I have always enjoyed learning about my heritage for many reasons. I suppose I should begin by saying that I am a mutt. I am Polish, Hungarian, German, and I have ancestors from a former German territory called Alsace-Lorraine. Which also makes me Alsace-Lorrainian or something. There's also a story in my family that my Great-Grandpa Archie used to say we were Irish so he could celebrate St. Patrick's Day. But that's another story. I mostly identify with the Polish part of my heritage. I've visited the town of Lena, Wisconsin (current population:500) and I've seen the farmhouse and big white barn that were built on the land where my Great-Grandma Vicky and her 13 brothers and sisters grew up. Their father spoke only Polish--something that my Grandma has said terrified her as a kid.
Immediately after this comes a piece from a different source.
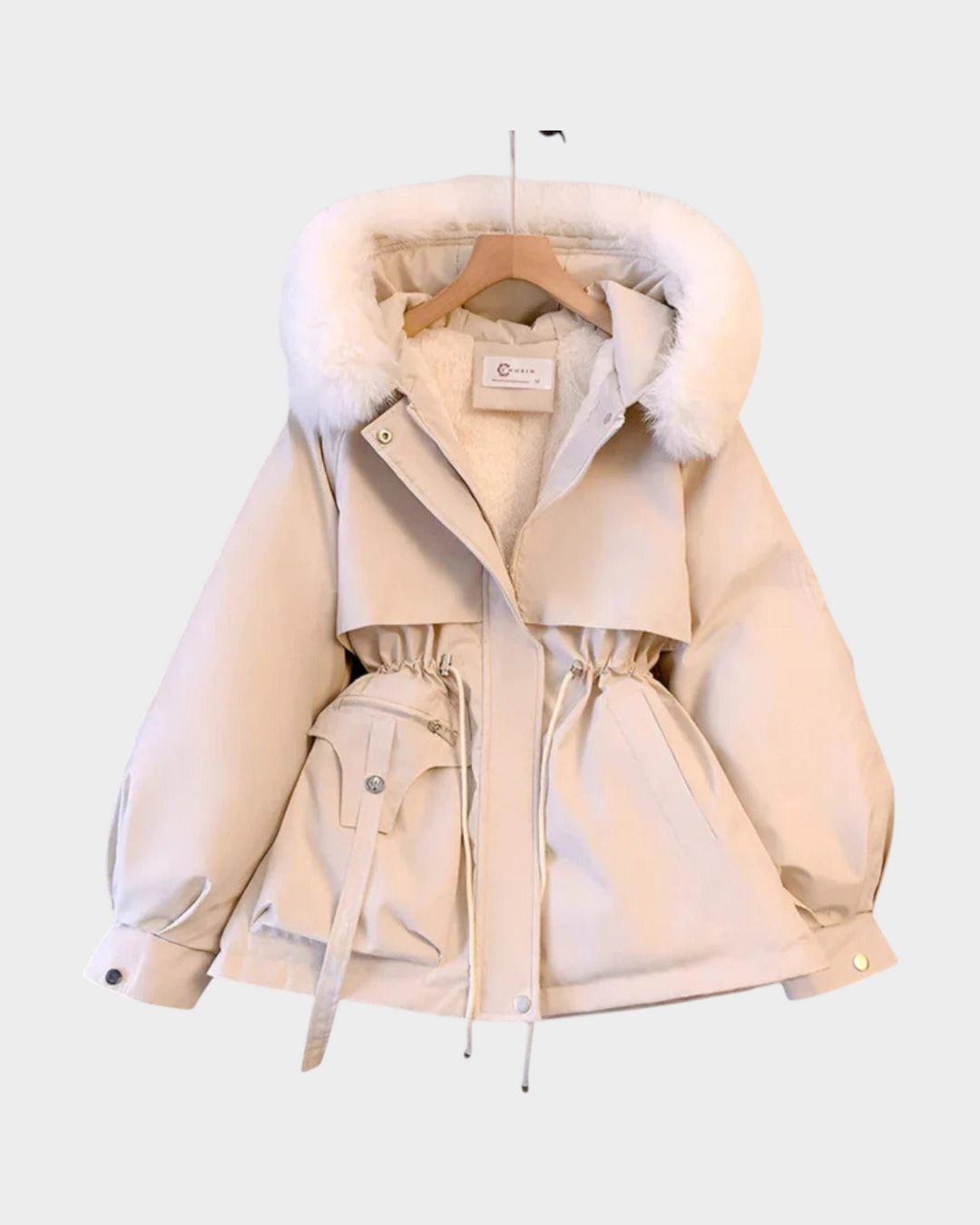 MARTINA, giacca con cappuccio e coulisse – Luna Moda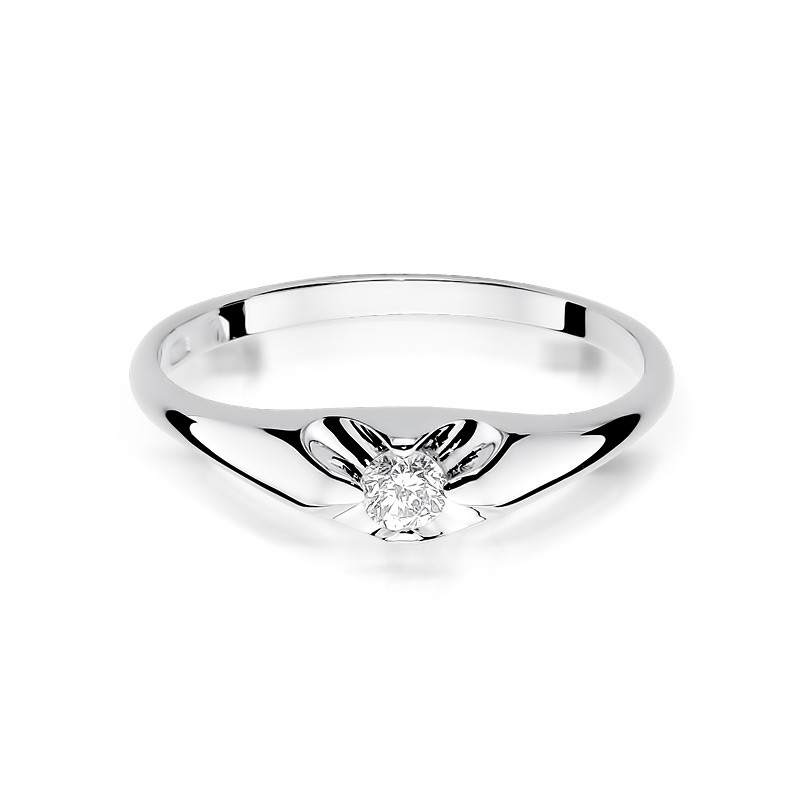 Zásnubní prsten s diamanty BE W-331 bílé zlato 585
In that house, my Great-Grandma shared an attic for a bedroom and she told us how the snow would drift in on their faces in the winter. They would make Polish sausage from scratch, and we still have and use the grinder and sausage-stuffer that her mother used. I think I identify myself mostly as Polish because that is the side of the family I know most about, like how my Great-Grandmother's job was to cut the heads off of chickens and pluck them for the family to eat--something that proves she had a much stronger stomach than I do.
I honestly can't remember the exact moment when I became aware of issues of ethnicity and race. I grew up in a tiny farming community on Lake Ontario called Kendall. I think there was only one Black kid that went to our school, but I can't remember thinking he was strange or different. I just knew him by his name. The town I lived in was virtually all White. I suppose when I moved from that town to a larger suburban town with a much larger suburban school, I began to at least notice the ways kids of different color interacted, or didn't. I remember in school the White kids stuck with the White kids and the Black kids stuck with the Black kids. I'm not saying it's the right thing, it was just the way it was there. I'm hoping future generations will erase the lines in school lunch rooms and actually get to know each other for what's beneath the surface, even though in high school, the surface is for the most part all anybody sees.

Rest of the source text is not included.